Anywho, enough chatter. Back to the matter at hand. The best advice I've ever received that I haven't taken?
“Keep your mouth shut.”
That's right. I'll bet even you have failed to heed those immortal words and have regretted that failure subsequently.
In my case, while I'm sure my mother said it most often, it was my father's emphasis on the “shut” that sticks to my gray matter like gum tomy shoe. A close cousin was “Never volunteer for anything.” Both homilies a direct result of his experiences during World War II in the Navy and in the business world. They were right up there in the pantheon of virtues with “keep your nose clean,” “keep your pants on,” “nose to the grindstone,” and, “always get out before her husband comes home.”
Nobody told me a personal philosophy should be logically consistent until college.
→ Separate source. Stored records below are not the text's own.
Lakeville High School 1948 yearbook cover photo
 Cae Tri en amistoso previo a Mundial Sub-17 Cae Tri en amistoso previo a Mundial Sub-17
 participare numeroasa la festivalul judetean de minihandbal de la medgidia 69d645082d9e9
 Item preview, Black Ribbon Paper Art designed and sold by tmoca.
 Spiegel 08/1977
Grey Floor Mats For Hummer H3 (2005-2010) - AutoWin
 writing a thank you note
By then, it was too late, if you know what I mean.
Sad to say, I have been a failure in the 'keep your mouth shut' department. I was a mere youth when I started opening my mouth in earnest, first battling my father's antebellum attitude towards Negroes, then later, assisting with voter registration drives, protesting the hamstringing of the military in Vietnam and later the war as a whole. None of them activities designed to earn bonus points with the old man.
While I mellowed some in my my late twenties, early thirties, I was back to inserting foot in mouth even before America lost it's collective mind and elected a freaking actor to the White House. Then we have the spectre of George Bush, Slick Willy Clinton and Dubya – I haven't been silent since.
So far, all this verbal mastication has cost me most of my “friends,” many opportunities, several jobs and clients, as well as peace of mind and pieces of
And so it goes...
Who says old dogs can learn new tricks? Just don't ask them to hold their tongue.
By the way, I'm rather fond of haggis. But one clarification. You forgot oats. One doesn't use rolled oats – they'd produce a mushy, gelatinous blob when cooked. No, one uses steel-cut oats which retain their oat texture and goodness without becoming starchy in the pudding, assuming you toast them well in an iron skillet. Really.